═══ Given information

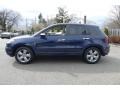 2007 Royal Blue Pearl Acura RDX Technology  photo #8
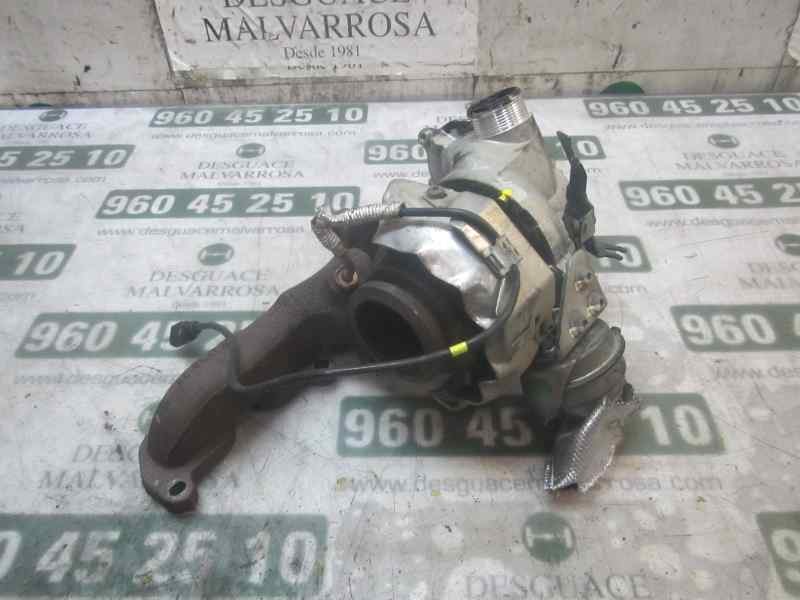 Recambio de turbocompresor para seat leon (5f1) 1.6 tdi referencia OEM IAM   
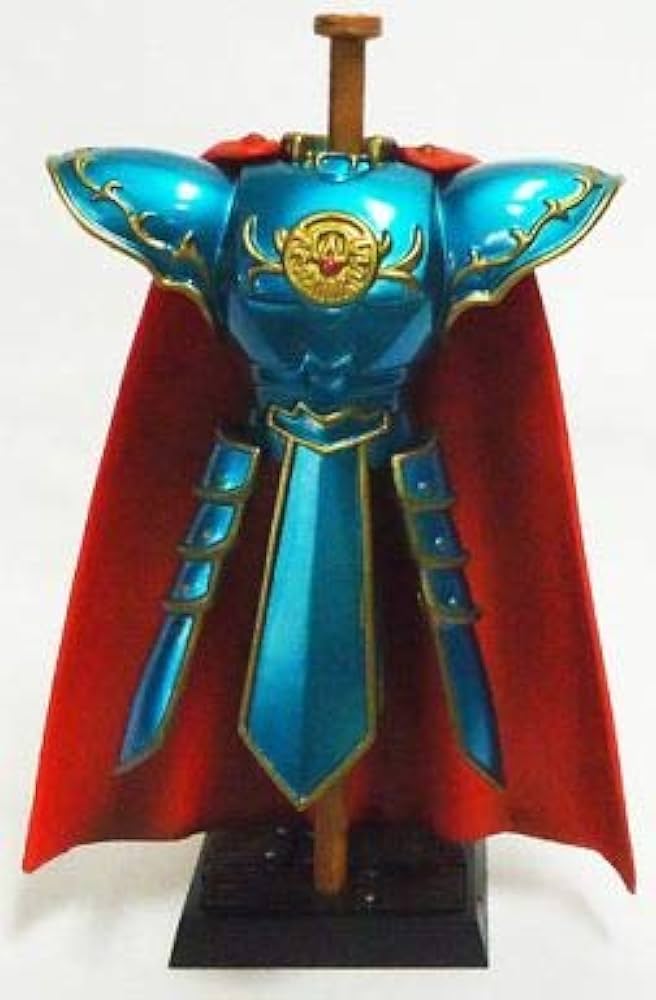 DQ レジェンド アイテムズ ギャラリー 伝説のアイテム編「ロトの鎧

══════

> _What you have to do_
Set down word for word, from the line that contains "Recambio de turbocompresor" to the end of the listing above, every line and no picture.

> _Solution to this task_
 Recambio de turbocompresor para seat leon (5f1) 1.6 tdi referencia OEM IAM   
 DQ レジェンド アイテムズ ギャラリー 伝説のアイテム編「ロトの鎧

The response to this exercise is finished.